The Human Rights Commission
Bermuda’s system of Human Rights is constituted by one authority, the Human Rights Commission (the “Commission”) and, since enactment of the Human Rights Act, 1981 (the “Act”), the Commission has served to provide a code of non-discrimination between people in Bermuda and to extend the fundamental rights and freedoms which are enshrined in the Constitution. The Human Rights Commission was formally established in 1982 and is comprised of Commissioners and Officers of the Human Rights Commission.
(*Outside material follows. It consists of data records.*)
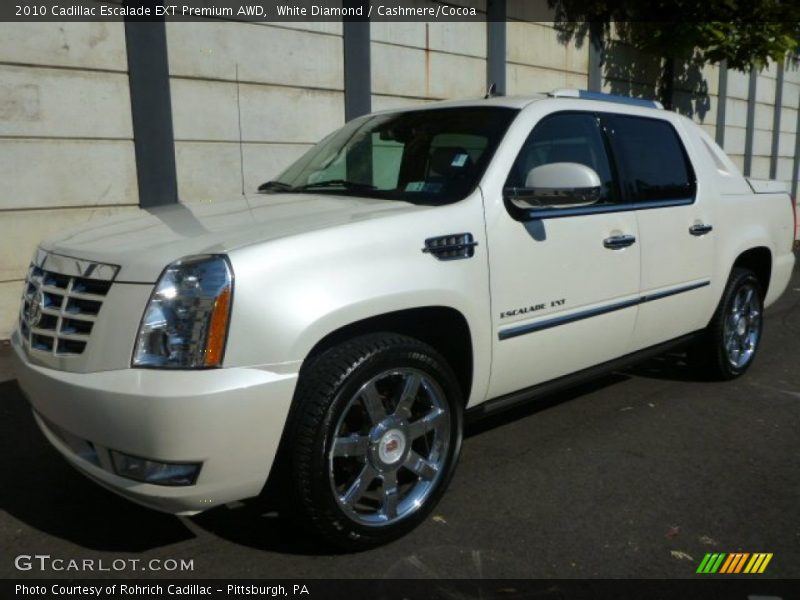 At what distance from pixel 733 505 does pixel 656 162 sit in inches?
77.2

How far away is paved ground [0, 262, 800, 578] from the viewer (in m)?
2.73

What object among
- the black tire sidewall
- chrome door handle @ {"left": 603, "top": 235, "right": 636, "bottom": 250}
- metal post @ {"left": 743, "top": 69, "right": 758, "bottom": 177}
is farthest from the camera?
metal post @ {"left": 743, "top": 69, "right": 758, "bottom": 177}

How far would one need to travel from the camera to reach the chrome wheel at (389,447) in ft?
8.90

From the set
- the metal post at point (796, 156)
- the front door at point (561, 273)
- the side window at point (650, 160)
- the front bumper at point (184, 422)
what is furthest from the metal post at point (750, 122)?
the front bumper at point (184, 422)

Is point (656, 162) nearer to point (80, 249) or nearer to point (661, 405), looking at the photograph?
point (661, 405)

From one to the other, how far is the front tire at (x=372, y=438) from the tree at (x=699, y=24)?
9.08 meters

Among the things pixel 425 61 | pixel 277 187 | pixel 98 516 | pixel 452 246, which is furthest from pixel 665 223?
pixel 425 61

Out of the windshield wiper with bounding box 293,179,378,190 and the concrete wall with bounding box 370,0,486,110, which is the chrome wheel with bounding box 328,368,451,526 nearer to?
the windshield wiper with bounding box 293,179,378,190

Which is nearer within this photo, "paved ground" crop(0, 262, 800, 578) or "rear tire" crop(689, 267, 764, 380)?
"paved ground" crop(0, 262, 800, 578)

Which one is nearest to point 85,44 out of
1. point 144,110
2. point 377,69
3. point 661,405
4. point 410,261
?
point 144,110

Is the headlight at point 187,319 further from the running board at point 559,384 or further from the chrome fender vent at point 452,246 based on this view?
the running board at point 559,384

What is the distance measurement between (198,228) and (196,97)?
4537mm

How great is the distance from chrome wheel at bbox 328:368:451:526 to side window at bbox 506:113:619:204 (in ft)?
3.45

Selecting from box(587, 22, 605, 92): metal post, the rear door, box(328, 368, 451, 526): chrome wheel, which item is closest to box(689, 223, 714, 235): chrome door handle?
the rear door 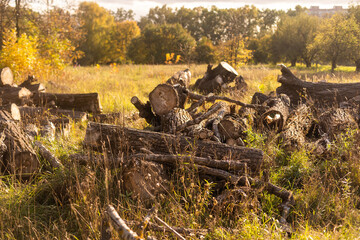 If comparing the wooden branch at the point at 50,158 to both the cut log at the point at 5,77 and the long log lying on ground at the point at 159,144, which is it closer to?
the long log lying on ground at the point at 159,144

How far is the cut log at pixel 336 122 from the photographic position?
15.7 ft

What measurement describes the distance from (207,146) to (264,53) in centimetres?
4063

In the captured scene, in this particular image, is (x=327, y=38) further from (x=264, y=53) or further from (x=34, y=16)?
(x=34, y=16)

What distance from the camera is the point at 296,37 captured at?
3450cm

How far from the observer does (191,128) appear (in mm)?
4293

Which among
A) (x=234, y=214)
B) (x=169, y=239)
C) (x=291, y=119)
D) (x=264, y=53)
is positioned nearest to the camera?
(x=169, y=239)

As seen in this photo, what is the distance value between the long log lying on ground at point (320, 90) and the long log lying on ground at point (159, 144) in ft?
12.3

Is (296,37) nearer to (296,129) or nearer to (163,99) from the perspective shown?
(296,129)

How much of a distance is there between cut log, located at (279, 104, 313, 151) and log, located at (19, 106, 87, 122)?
14.8 ft

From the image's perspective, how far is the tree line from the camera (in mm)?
13055

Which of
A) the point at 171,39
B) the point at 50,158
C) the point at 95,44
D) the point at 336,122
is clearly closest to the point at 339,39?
the point at 171,39

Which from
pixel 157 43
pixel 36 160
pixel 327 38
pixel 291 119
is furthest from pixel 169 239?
pixel 157 43

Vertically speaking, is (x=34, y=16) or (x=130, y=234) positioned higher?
(x=34, y=16)

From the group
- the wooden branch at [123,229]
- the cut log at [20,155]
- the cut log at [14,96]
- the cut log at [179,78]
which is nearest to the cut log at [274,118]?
the cut log at [179,78] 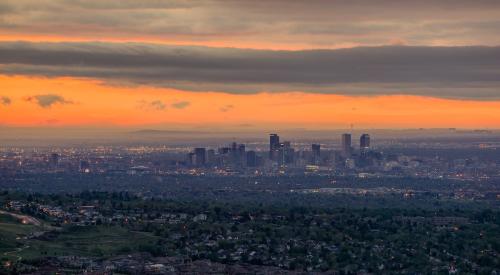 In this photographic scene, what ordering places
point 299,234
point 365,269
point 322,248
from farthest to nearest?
1. point 299,234
2. point 322,248
3. point 365,269

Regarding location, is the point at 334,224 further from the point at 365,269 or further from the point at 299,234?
the point at 365,269

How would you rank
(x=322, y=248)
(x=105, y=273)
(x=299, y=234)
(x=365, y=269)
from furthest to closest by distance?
(x=299, y=234) → (x=322, y=248) → (x=365, y=269) → (x=105, y=273)

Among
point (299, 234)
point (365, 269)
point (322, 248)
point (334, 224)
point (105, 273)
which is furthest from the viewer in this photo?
point (334, 224)

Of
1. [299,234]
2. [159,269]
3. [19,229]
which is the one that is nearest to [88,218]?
[19,229]

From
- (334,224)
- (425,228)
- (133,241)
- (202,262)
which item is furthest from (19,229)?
(425,228)

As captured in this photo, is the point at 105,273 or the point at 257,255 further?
the point at 257,255

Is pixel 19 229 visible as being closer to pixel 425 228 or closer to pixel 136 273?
pixel 136 273

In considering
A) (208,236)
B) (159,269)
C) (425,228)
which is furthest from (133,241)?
(425,228)

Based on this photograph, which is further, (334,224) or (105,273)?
(334,224) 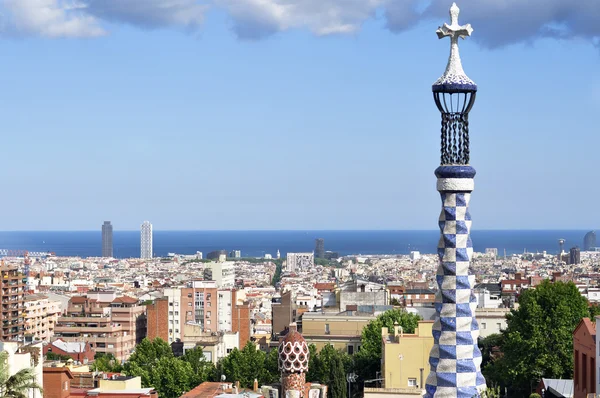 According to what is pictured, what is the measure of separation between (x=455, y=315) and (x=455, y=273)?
2.05ft

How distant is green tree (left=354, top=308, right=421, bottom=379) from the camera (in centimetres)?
5594

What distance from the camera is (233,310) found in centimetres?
10350

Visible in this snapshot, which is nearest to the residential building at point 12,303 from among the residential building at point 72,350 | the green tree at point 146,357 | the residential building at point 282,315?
the residential building at point 282,315

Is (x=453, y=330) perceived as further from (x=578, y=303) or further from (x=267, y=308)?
(x=267, y=308)

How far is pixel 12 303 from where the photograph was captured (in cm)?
10569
The Human Rights Commission is a unit within the Department of Human Affairs and the Minister responsible for Human Rights is responsible for the Commission... (read more here)
The Human Rights Act
The Act prohibits discrimination in areas such as employment and in the provision of services on the basis of certain characteristics or grounds (e.g. race, place of origin, national origins, sex, disability, etc....). Discrimination is the act of unequal, stereotypical or prejudicial treatment of persons based on the grounds set out in the Act. The purpose of the Act is to ensure that residents are offered an equal opportunity to earn a living, find a place to live, and enjoy services customarily available to the public without discrimination (from Department of Human Affairs).
In 2013 the Act was amended adding sexual orientation discrimination to the list of prohibited grounds of discrimination.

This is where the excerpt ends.